What’s the best way to find fulfillment after retirement? For these partners (employees), the answer is beginning a second career with Starbucks and interacting with customers every day.
‘I found myself missing the interaction with people’
For 45 years, Marilyn DiPasquale was committed to educating children in Topeka, Kansas. She taught fifth grade and special education, and was a school administrator and instructional technologist before retirement.
“For the first eight months after I stopped working I was okay,” said DiPasquale. “But after that, I found myself missing the interaction with people. I missed the kids, teachers and parents.”
While visiting her local Starbucks during the holidays two years ago, she saw a hiring sign in the window.
“I was curious about working as a barista, but I wasn’t sure if they would hire someone my age,” DiPasquale said. “I spoke with my daughter who works for Starbucks and she assured me that the company values diversity and hires all kinds of people.”
Without hesitation, DiPasquale reached out to the store manager who encouraged her to apply online. After interviewing, she joined the company in February of 2015.
“I completely enjoy the change of pace at Starbucks,” she said. “I have relationships with young people again, but in a completely different environment.”
DiPasquale has found that she can lean on her past experience in education when connecting with partners and customers.

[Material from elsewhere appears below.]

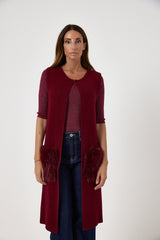 Gilet con tasca in ecofur FEDERICA BI ( vari colori )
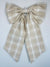 Sew & Spill Home Decor Bow Tan & White Plaid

“I enjoy the relationships I have especially with young people that I missed after leaving the education field,” she said. “I was able to take a bit of the past and combine it with my future.”
‘The best part of my job is that I feel young again’
In Malaysia, Doris Yap Ae Hua supported her husband’s business before she retired. A friend introduced her to a store manager at Starbucks who shared many stories about the company that piqued her interest. Eleven years later, she is a Starbucks partner who has worked in six different stores across the country in Southeast Asia.
“Life was not as interesting for me especially after my kids grew up,” said Yap Ae Hua. “When I interviewed for Starbucks, I wasn’t expecting to receive a job offer, but they requested that I start work right away.”
Yap Ae Hua serves a special role in her store at Berjaya Times Square, a busy mall in the heart of Kuala Lumpur. She focuses on arranging merchandise and making sure that the store is tidy at all times.
“The best part of my job is that I feel young again,” said Yap Ae Hua. “It’s really fun working with an energetic team of young and lively partners.”
To encourage more partners like Yap Ae Hua to return to the workforce, Starbucks Malaysia launched the VIP Program last year to attract candidates who are 55 years of age and above. As part of the program, the company provides flexible work hours and other benefits for seniors. There are currently 10 “VIP” partners working in Starbucks Malaysia stores, the oldest being 73.
“The VIP Program started because we care about the elderly people in our society,” said June Beh, director of Partner Resources for Starbucks Malaysia. “Initially our goal was to provide them a stable source of income, but now more importantly, these partners are enjoying the recognition and sense of achievement that their jobs bring to them.”
‘Don’t be afraid of a post-retirement career’
Bob Leslie was working at an accounting firm in Toronto when he returned to the small town of Belleville, Ontario to take over the family business in 1979.
“My father became gravely ill, so I decided it was time for me to get involved in Leslie’s Shoe Store, which my grandfather started in 1919,” he said.
For more than 18 years, Leslie managed the business until the recession in the late 1980s began taking a financial toll.
“I joined a worldwide water treatment company as Vice President of Finance and Human Resources for additional income, while still trying to keep the shoe store a float,” said Leslie.
The water treatment company prospered while the family business continued to decline. Leslie was forced to close the shoe store in 1997. He continued with his corporate job until an illness forced him to retire in January 2012. By July of that same year, however, he was recovering and wanted to find work to help his family recover financially.
“A friend gave me the book, “How Starbucks Saved My Life,” which mirrors my story quite a bit,” said Leslie. “I went down to my local Starbucks and asked the manager if she would consider hiring a more senior person on a part-time basis.”
Three and a half years later, Leslie is enjoying a fulltime role as a shift supervisor at Starbucks.
“I fell in love with the company and the culture,” he said. “I have the greatest job in the world because it doesn’t feel like work at all. It keeps me energized.
Leslie has made many new friends at his store – partners and customers alike. He hopes to continue moving up in the company and perhaps even work for Starbucks stores in other parts of Canada.
“My advice to other people who are considering a return to work is simple,” said Leslie. “Don’t be afraid of a post retirement career. Just take a deep breath and go for it. You will get so much satisfaction out of it and you will be met with the most wonderful experiences.”